Aim of the task
For this exercise, return only the lines in the records below from the one holding "Alt view image" through the one holding "InstaHair LightTop Light", including both, exactly as they appear and without pictures.

[Data for this task Boundary: Start]

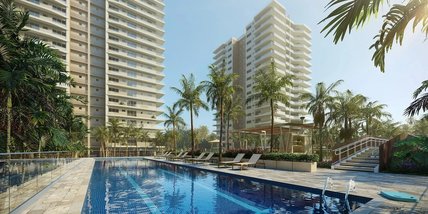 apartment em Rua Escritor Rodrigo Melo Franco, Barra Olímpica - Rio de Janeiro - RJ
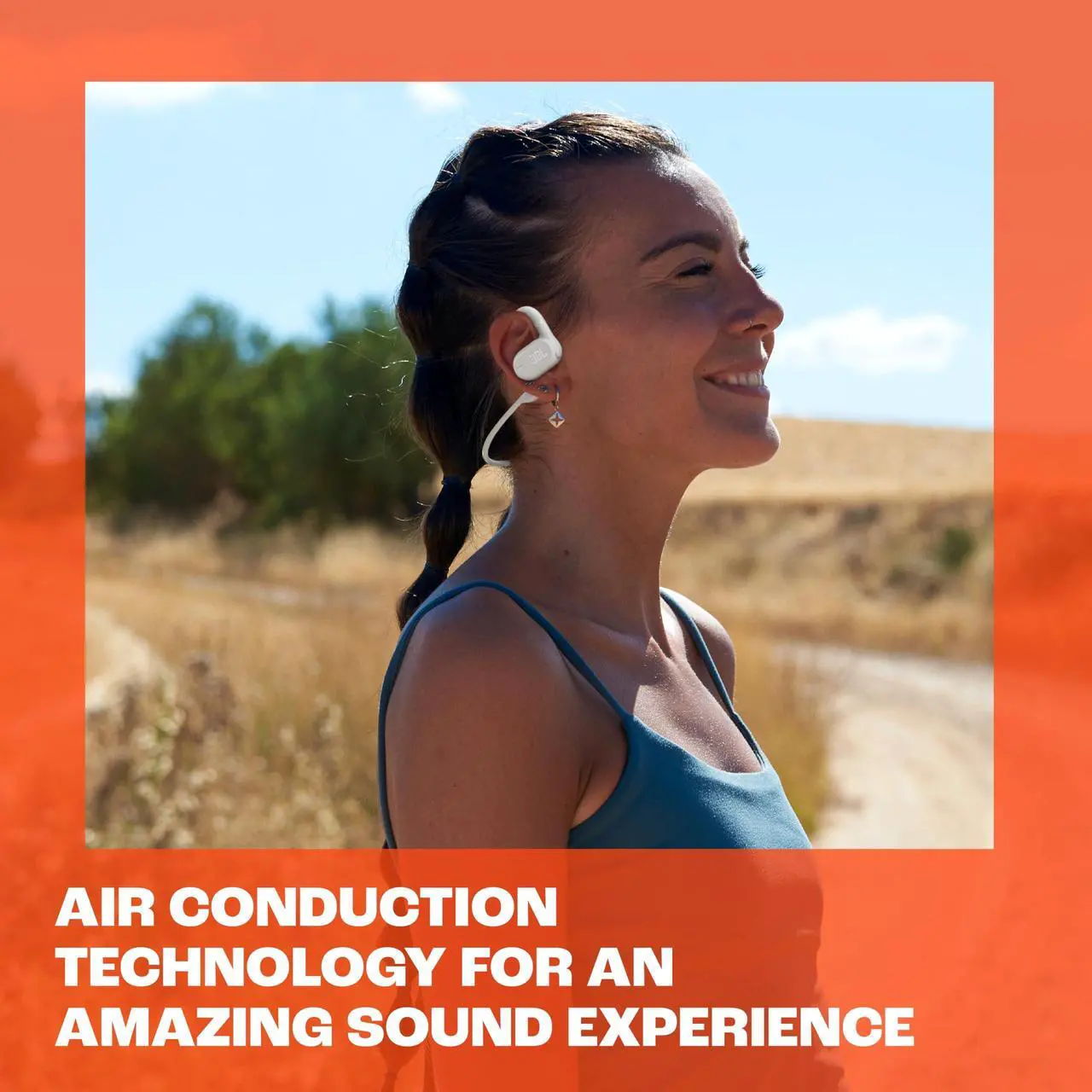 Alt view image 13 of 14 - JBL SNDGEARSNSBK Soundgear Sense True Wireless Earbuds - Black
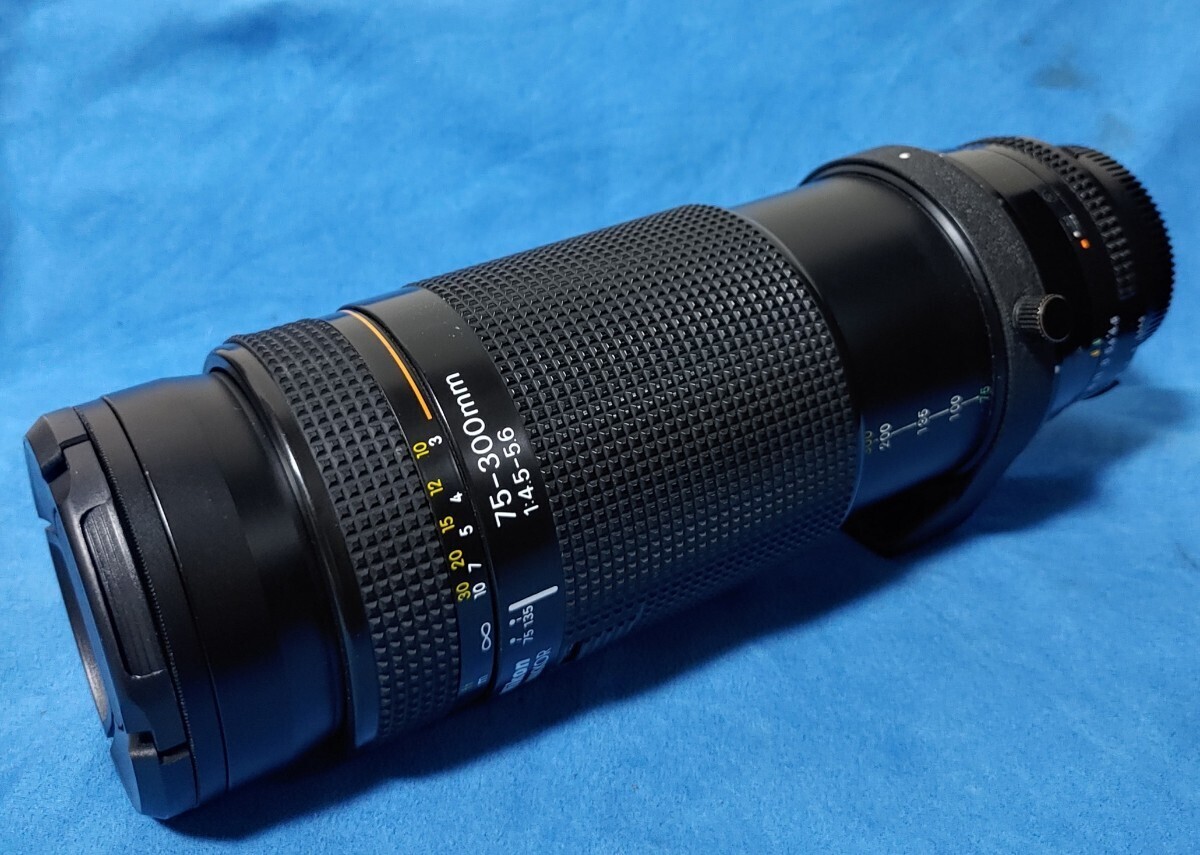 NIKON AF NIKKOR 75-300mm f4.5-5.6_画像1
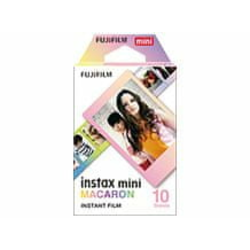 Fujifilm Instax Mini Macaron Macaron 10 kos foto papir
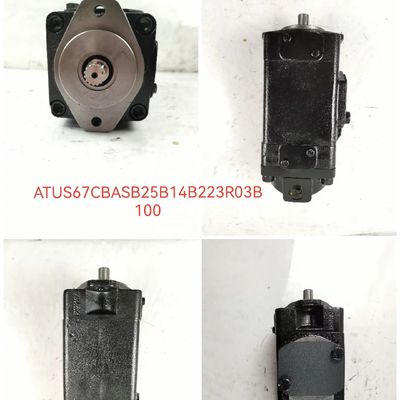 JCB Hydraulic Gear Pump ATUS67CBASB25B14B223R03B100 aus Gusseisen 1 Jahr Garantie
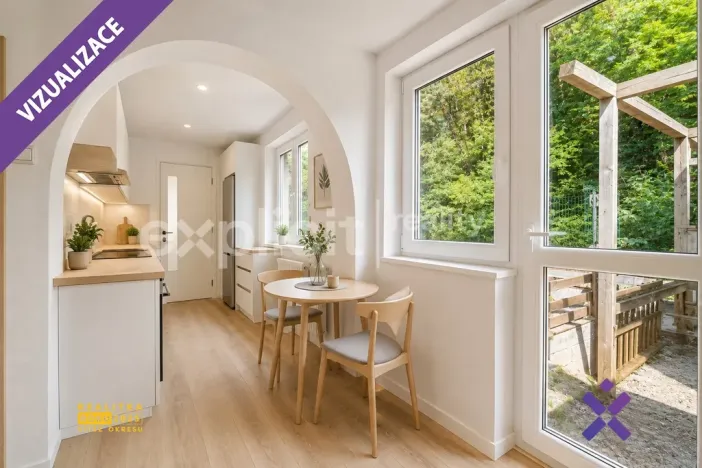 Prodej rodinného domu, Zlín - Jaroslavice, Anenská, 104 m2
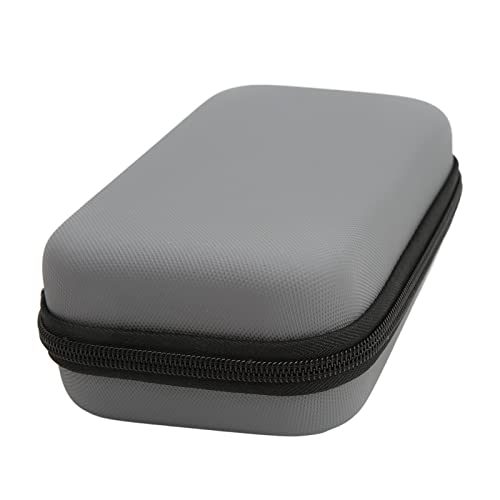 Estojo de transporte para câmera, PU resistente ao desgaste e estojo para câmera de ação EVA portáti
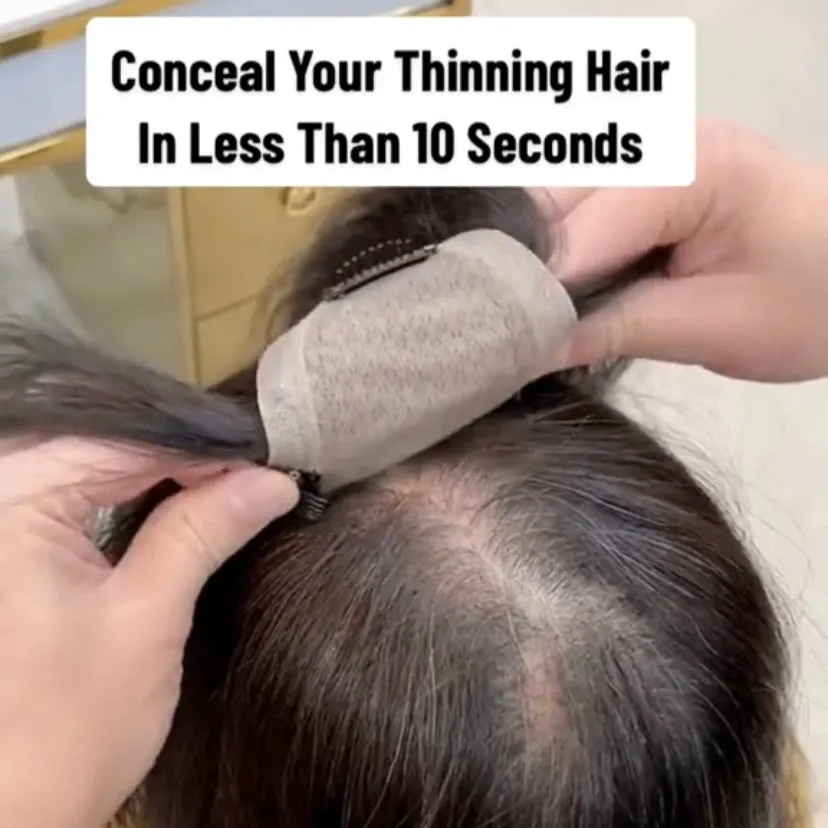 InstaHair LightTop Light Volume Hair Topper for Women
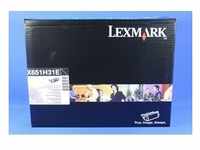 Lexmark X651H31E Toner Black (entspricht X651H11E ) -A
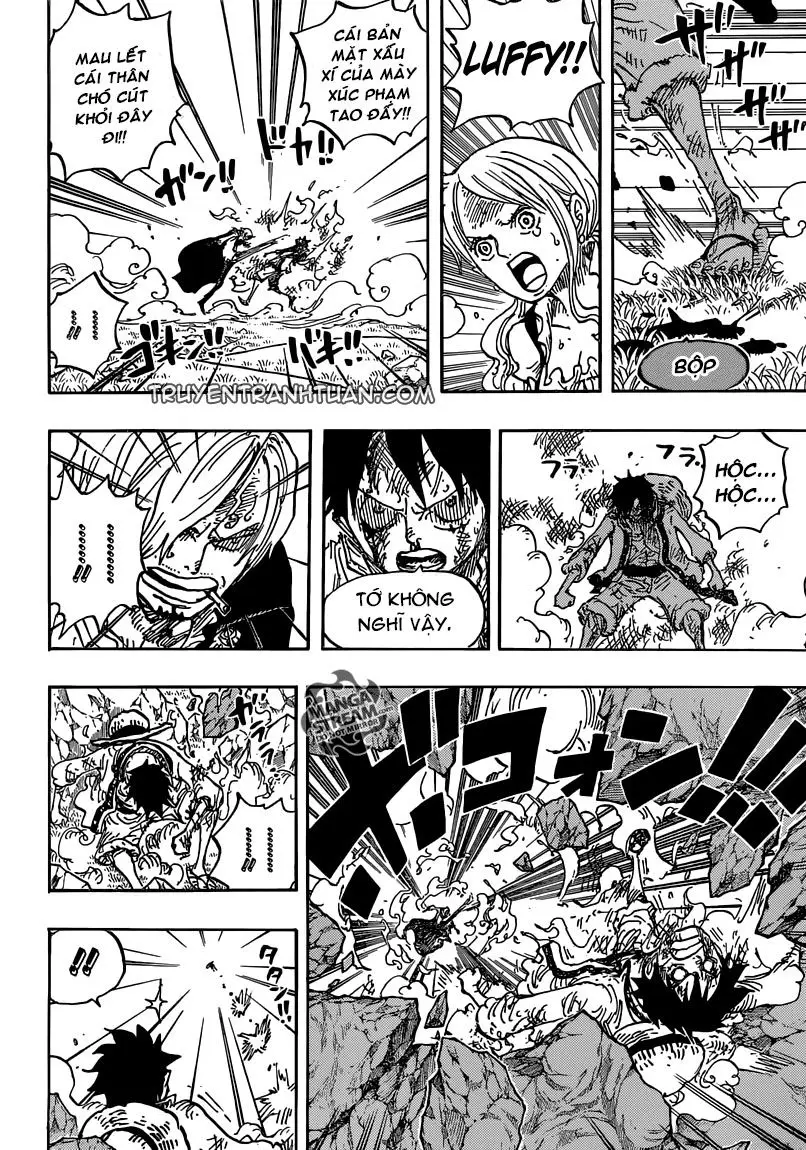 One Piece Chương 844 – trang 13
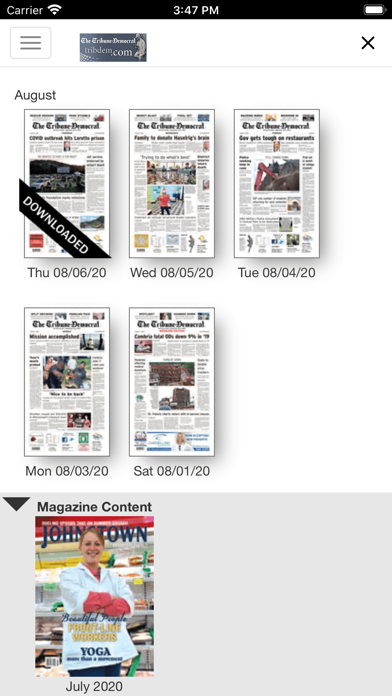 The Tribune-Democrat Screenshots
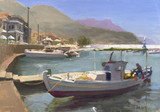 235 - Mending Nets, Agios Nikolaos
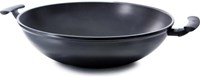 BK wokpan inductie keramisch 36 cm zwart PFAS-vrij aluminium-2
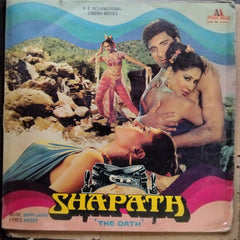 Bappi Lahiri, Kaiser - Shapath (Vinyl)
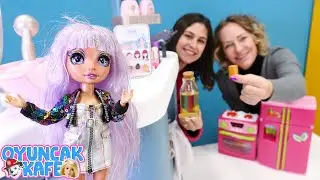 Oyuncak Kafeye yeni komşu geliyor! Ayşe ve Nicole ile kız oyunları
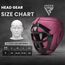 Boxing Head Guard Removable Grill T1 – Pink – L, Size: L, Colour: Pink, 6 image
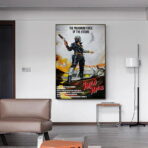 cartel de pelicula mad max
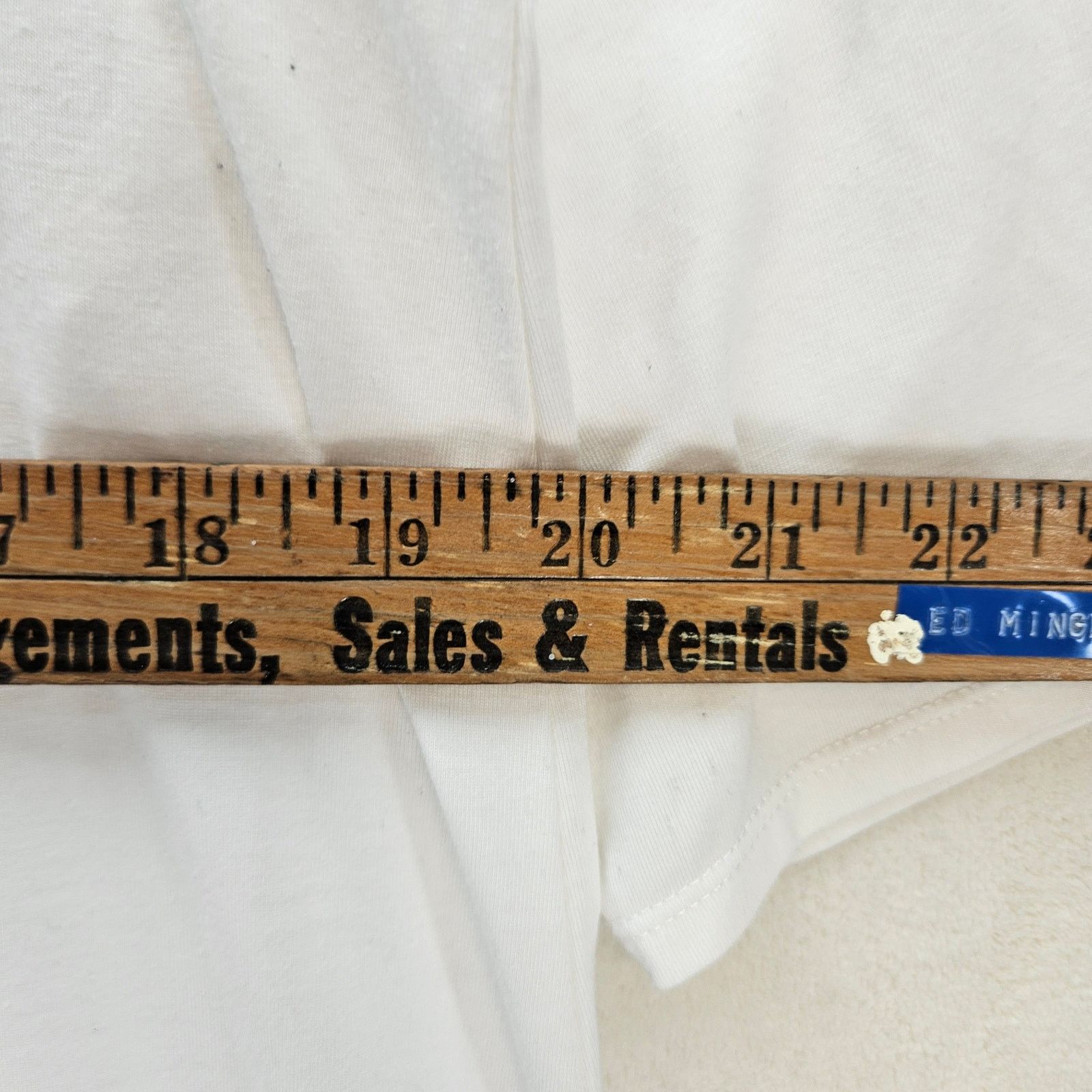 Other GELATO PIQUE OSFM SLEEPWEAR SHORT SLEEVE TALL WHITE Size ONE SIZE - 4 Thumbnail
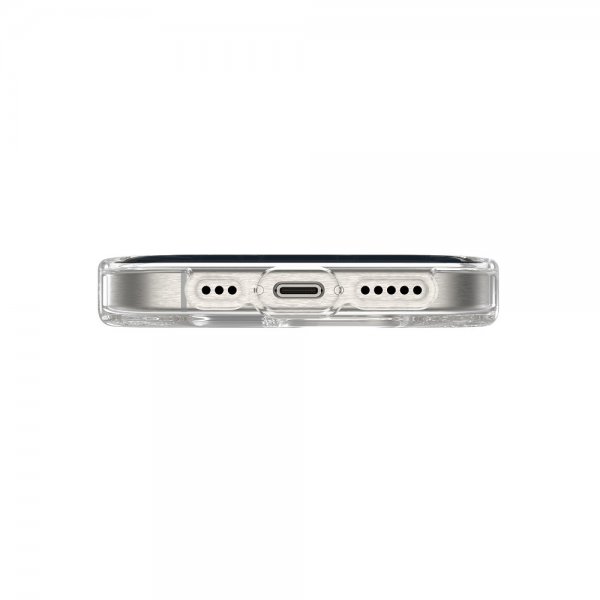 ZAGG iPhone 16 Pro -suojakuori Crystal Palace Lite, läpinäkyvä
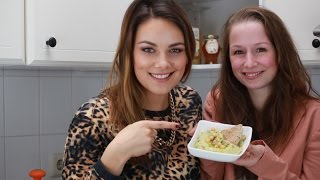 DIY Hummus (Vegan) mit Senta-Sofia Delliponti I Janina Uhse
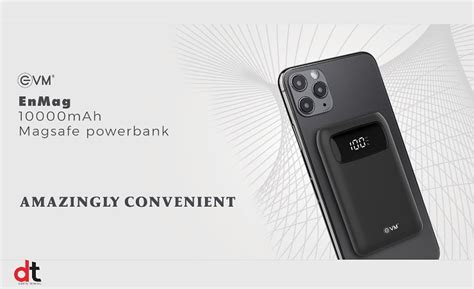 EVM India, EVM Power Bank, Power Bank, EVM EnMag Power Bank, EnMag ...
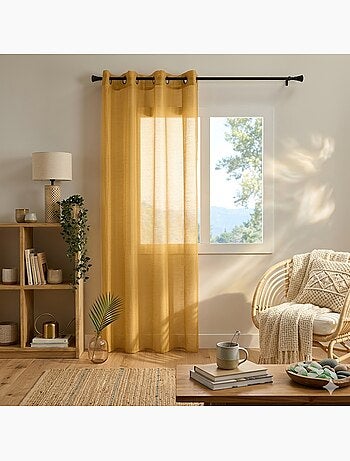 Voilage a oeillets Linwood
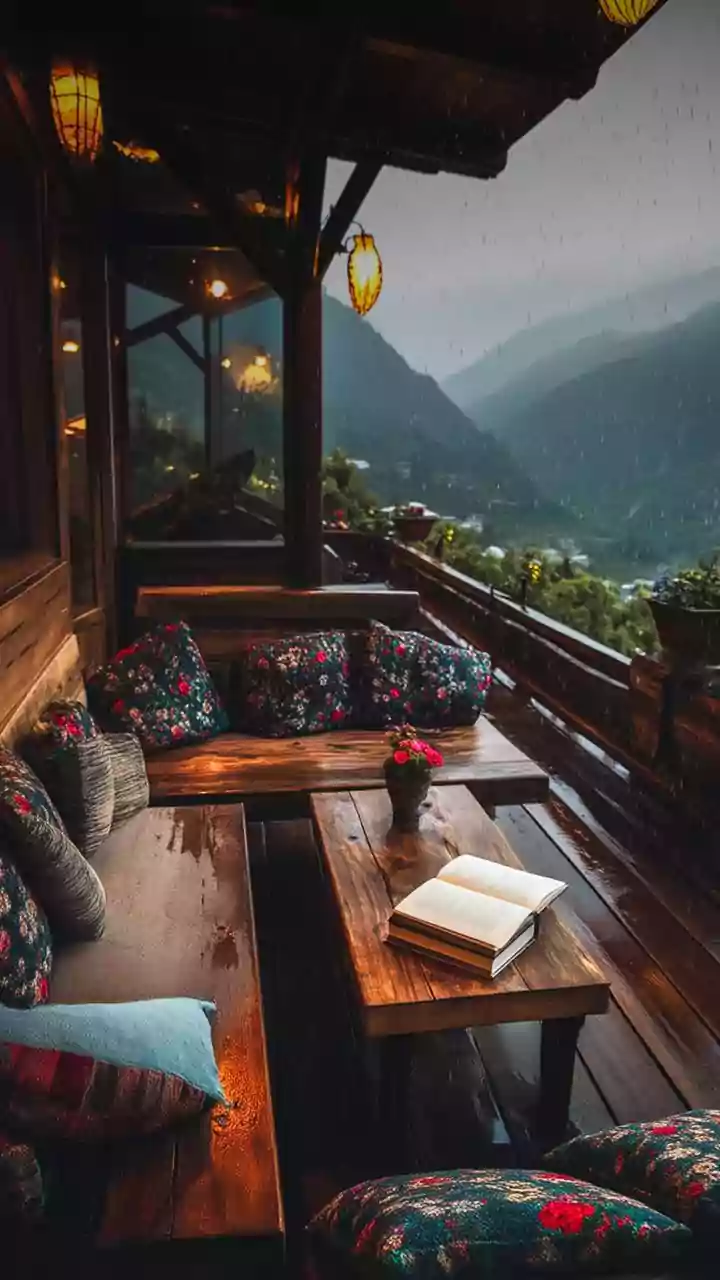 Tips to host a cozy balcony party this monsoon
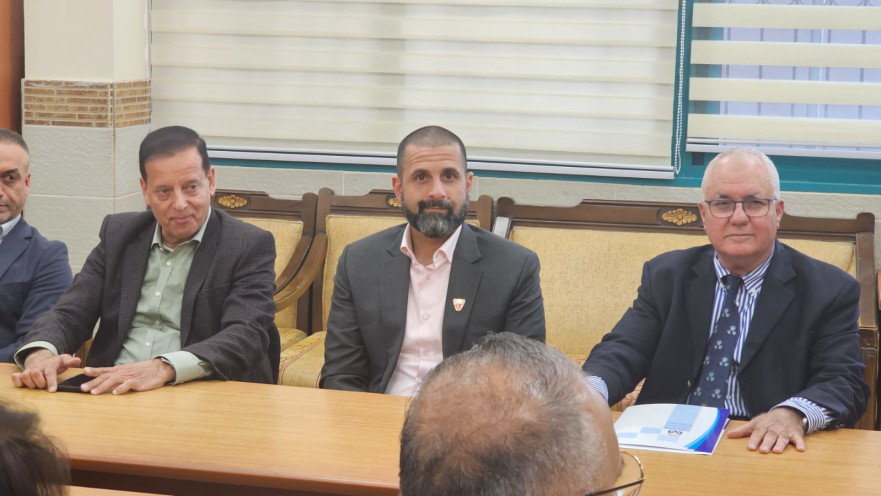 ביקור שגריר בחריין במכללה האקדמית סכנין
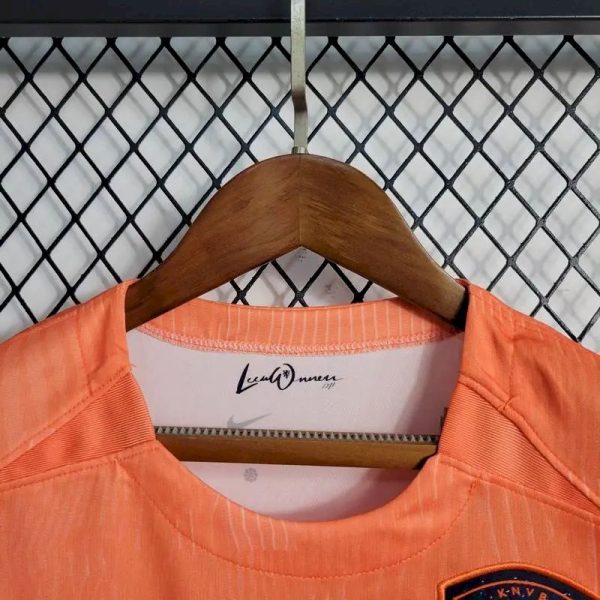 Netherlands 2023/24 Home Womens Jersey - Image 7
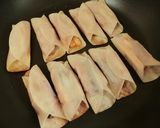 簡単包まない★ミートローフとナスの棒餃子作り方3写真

[Data for this task Boundary: End]

Final answer
 Alt view image 13 of 14 - JBL SNDGEARSNSBK Soundgear Sense True Wireless Earbuds - Black
 NIKON AF NIKKOR 75-300mm f4.5-5.6_画像1
 Fujifilm Instax Mini Macaron Macaron 10 kos foto papir
 JCB Hydraulic Gear Pump ATUS67CBASB25B14B223R03B100 aus Gusseisen 1 Jahr Garantie
 Prodej rodinného domu, Zlín - Jaroslavice, Anenská, 104 m2
 Estojo de transporte para câmera, PU resistente ao desgaste e estojo para câmera de ação EVA portáti
 InstaHair LightTop Light Volume Hair Topper for Women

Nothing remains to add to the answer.